Here’s a checklist of what you might need for your events.  Some items will come from your stash.  The hosting organizations will provide some. Some may need to be rented for the occasion.

  • Digital camera–for recording meeting results and photographing happy people. The photos (with permission) can be used to illustrate reports, enliven your website and market future events.
  • Laptop fully charged and charger cable.
  • Sound system. I travel with a small speaker system. Today’s technology is amazing. Tiny speakers and a little amp hooked up to a laptop can belt it out. Very cool.
  • Large screen project Do not skimp on foot candles. Bright is beautiful.
  • Microphone system. While usually provided by the hosting organization, take your own. Test the one provided for you before the meeting begins. Test all the electronic paraphernalia. Make sure they work.  If they don’t work well, use your own.
  • Extension cord and power strip.
  • Screen or blank wall. If live captioning is provided, you will need two large screens.
  • Round café tables 36” to 48” across. Four tables will seat up to twenty people. An alternative is to rent tables. In a pinch, you can use eight-foot tables with two people on each side and no one on the ends. You want conversation and intimacy.
  • Tables for refreshments and registration. Rectangular tables work fine.
  • Red and white checkered tablecloths, plastic or cloth. Other colors and patterns are fine, too.
  • Colorful table runners from different cultures.
  • Stuffed animals. Whether we are two-years-old or ninety-two, stuffed animals help when tensions mount.
  • Name tags. Pre-printed names work well if done in a large font. Otherwise, use blank name tags and encourage participants to write big!
  • Flip chart paper, usually 24” x 36”. I prefer the style with an adhesive strip.
  • Tripod to hold the flip chart paper.
  • White artist tape. Do not use masking or painter’s tape. They damage walls.
  • Rolling whiteboards or a roll of butcher paper and a long wall or multiple flip chart tripods.

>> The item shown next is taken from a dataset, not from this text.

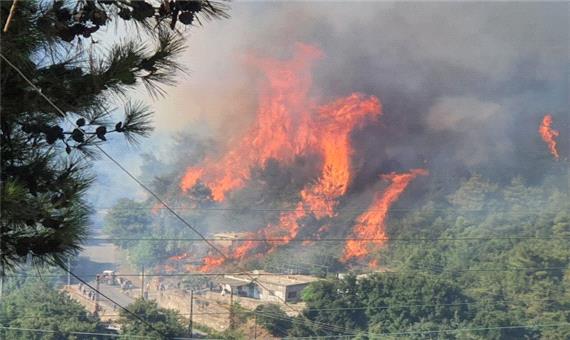آتش سوزی گسترده در شمال لبنان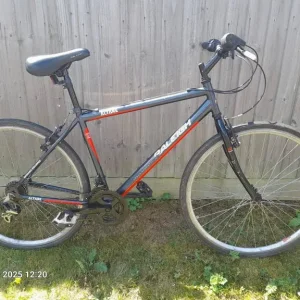 Raleigh Urban Geometry Altare Bike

  • Giant post-it notes for collecting and posting key ideas. I love the 11” x 11” size. My second choice is 8” x 6”. Smaller sizes cannot be read by eyes with sight impairment. Big and bold beat puny and paltry. Teach people to write big!
  • Note cards of different sizes for place cards, memory joggers, and various exercises.
  • 5” x 11” lined paper for registering attendance and taking notes.
  • Pencils and pens.
  • Stapler, staples, and staple remover.
  • Rubber bands.
  • Screwdrivers, a small box of screws, scissors, pliers, small hammer, and vise grips. Seriously.
  • Duct tape. A facilitator’s best buddy. Use it for taping extension, microphone, and computer cords to the floor and fixing everything except dinner.
  • Non-toxic, unscented, colorful, broad-tipped markers. Blue, green, dark brown, red, orange, and black can be seen. Avoid light colors.
  • Mugs or cups to hold markers.
  • Plastic vases with plastic flowers. Lots of them. We’re shooting for festive.
  • Non-toxic, unscented votive candles. Candles with batteries and a tiny light work well.
  • First Aid kit.
  • Facial tissues.
  • A bell or chime to call time. I prefer a chime. Tibetan finger cymbals are also cool.
  • Set a table with a combination of healthy and unhealthy choices: fruit, veggies, finger food, chips, and what not. Include favorite beverages. Design the setup for persons with mobility disabilities. Oh yes, chocolate!
  • Lots of it.
  • Cash for tipping. You will need tips to say “Thank you” to custodians, chefs, wait staff, and parking attendants. Be generous.
  • Business cards.
  • A donkey. Carrying all this stuff can be taxing. A large suitcase with wheels also works well.